Takes McKee’s Ford Mustang To First Track, State Honors
By Paul Schaefer, NASCAR
November 23, 2012 - 4:07pm

DAYTONA BEACH, Fla. — A runner-up finish in 2011 was the motivating force for J.C. Wyman and his team this season.

Wyman drove Jack and Mary Ann McKee’s Ford Mustang to this year’s NASCAR dirt Late Model track championship and NASCAR state championship at Adams County Speedway in Corning, Iowa for the first time.

A year ago in their first full season together, Wyman and the McKees showed they held a potent combination, but fell just short in their title quest. After finishing just five points behind Paul Glendenning in 2011, Wyman et al entered 2012 ready to contend again.

“It took a lot of teamwork all through each week, a good race car and good motors,” Wyman said. “As a driver, my goal was to finish in the top two or three every week, even when we were starting deep in the field. When we started near the back and winning looked impossible, I just went for a top three finish.

“My other big goals were to avoid making errors, concentrate and avoid DNFs,” Wyman said.

“When we got into the second half of this season we could see those championships were out there if we could close the deal,” he said.

The sting of that five-point loss in 2011 kept the team focused on the goals.

On the season Wyman picked up three wins to go along with 11 top-five and 14 top-10 finishes in 16 starts. He won the track and state championships by 38 points over Jason O’Brien. Former track champions John Hampel, Glendenning, and Chris Spieker rounded out the top five in the point races. Spieker is an eight-time Adams County track champ, including a run of seven in a row from 2003 to 2009.

“I’ve watched Chris race since I was a little kid and he’s always been one of the best,” Wyman said. “I’ve seen him win numerous championships.”

Defending track champ Glendenning told Wyman he’ll enjoy the NASCAR Whelen All-American Series champions’ event coming up in early December.

“Paul said it’s a once-in-a-lifetime event and we’re excited about going to Charlotte,” Wyman said.
After a decade of being an owner-driver in the dirt Modified division, Wyman teamed of with the McKees for seven dirt Late Model races in 2010. With promising results, 2011 was their first full season together.
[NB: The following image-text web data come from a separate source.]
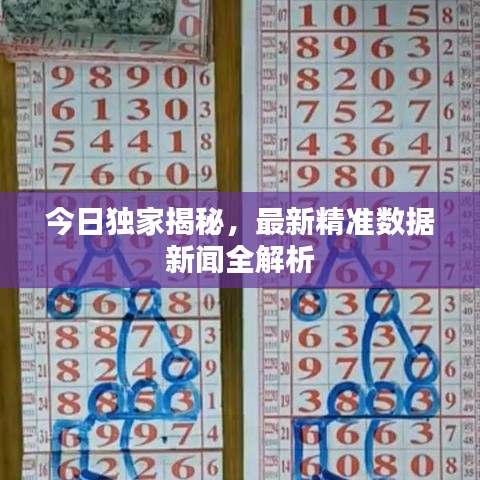 今日独家揭秘,最新精准数据新闻全解析
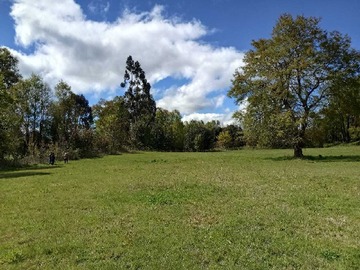 Terreno en venta en Vida Tranquila en Amplia Parcela (132733), Panguipulli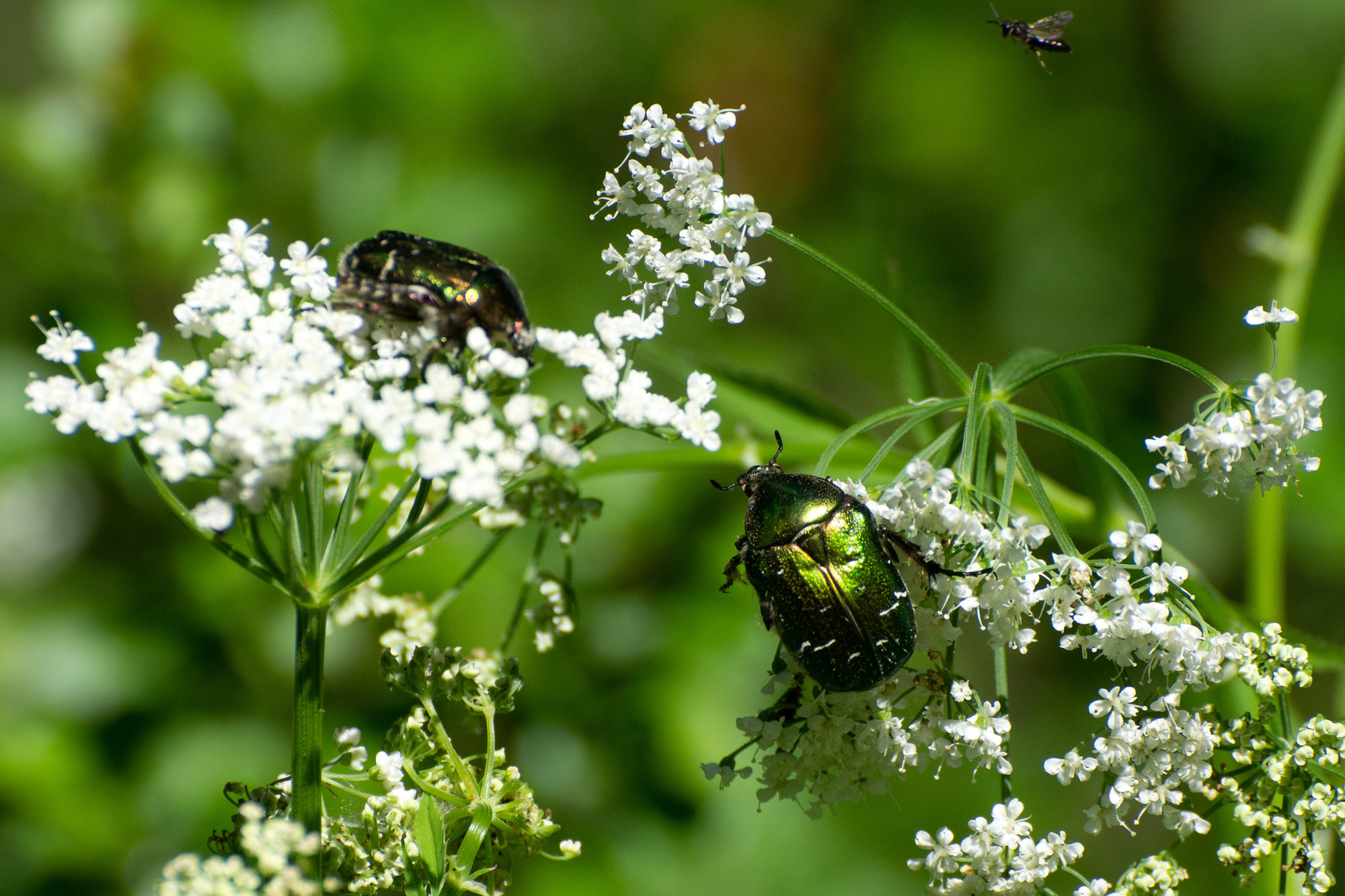 Valokuvaaja: Paavo Siukonen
“The McKees are longtime family friends and their sons drove for them,” Wyatt said. “When those guys cut back on racing, I got a trial run. That was my big break.”

Wyman’s father Jim is the engine builder through his J.D. Wyman Motorsports. The Ford-powered Mustang is based on a GRT chassis. Wyman’s brother Jared is crew chief. Team members include Casey Ferrins, Kyle Kirchhoff, and Brian Behnken. Sponsors include J.D. Wyman Service, Wyman CarQuest, Kirchhoff Welding & Fabrication and 21st Century Co-Op.
Wyman will be honored for his track and state championships at the NASCAR Whelen All-American Series Awards event. The ceremonies are scheduled for Friday, Dec. 7 at the Charlotte Convention Center’s Crown Ballroom at the NASCAR Hall of Fame.
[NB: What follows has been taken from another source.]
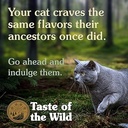 Taste of the Wild Canyon River Feline 2kg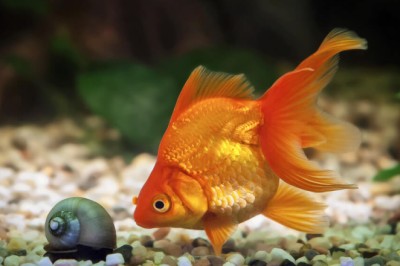 Japon Balıkları Ne Kadar Yaşar?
A driver’s best 18 results through Sept. 16 were counted toward their states and national point totals, and
the champions are decided on overall point total. Once a driver reaches 18 starts, their total would increase incrementally as they replace some poorer runs with better results.

Under the point structure for the NASCAR Whelen All-American Series, the race winner receives two points for every car in the event up to 20 cars. Second place receives two fewer points and so on through the field. Race winners receive an additional five points. For example, if 20 cars are in the field, the winner receives 45 points, second place 38 and third 36. If there are 15 cars, the winner receives 35 points, second 28 and third, 26.